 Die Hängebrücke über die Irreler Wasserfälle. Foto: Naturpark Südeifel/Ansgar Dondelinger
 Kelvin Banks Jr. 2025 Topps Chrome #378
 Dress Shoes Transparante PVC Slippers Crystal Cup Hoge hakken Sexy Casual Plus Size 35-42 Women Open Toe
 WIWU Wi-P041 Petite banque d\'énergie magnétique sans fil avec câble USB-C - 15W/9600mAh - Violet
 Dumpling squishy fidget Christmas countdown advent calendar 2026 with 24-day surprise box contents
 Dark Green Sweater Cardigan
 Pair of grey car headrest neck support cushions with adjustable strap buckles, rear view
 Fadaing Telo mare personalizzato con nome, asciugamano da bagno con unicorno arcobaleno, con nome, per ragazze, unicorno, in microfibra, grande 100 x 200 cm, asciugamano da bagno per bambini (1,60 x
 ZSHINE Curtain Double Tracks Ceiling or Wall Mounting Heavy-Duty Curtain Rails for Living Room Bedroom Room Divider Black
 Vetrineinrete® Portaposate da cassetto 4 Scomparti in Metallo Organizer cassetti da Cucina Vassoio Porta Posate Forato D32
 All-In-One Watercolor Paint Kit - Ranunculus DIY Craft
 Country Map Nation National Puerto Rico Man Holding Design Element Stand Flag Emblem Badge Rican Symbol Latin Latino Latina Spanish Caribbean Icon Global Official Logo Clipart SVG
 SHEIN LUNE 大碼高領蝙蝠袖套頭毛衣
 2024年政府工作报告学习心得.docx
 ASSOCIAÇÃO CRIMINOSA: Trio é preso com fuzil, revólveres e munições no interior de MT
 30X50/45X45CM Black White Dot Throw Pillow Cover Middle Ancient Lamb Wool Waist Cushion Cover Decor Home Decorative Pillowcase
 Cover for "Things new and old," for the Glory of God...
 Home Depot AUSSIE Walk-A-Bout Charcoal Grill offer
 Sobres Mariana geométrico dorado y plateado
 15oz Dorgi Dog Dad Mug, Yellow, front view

****

### INSTRUCTIONS TO FOLLOW
Quote the lines of the listing above that run from the line with "Sobres Mariana geométrico dorado y plateado" through its last line, both included, and nothing else.

### EXERCISE RESULT
 Sobres Mariana geométrico dorado y plateado
 15oz Dorgi Dog Dad Mug, Yellow, front view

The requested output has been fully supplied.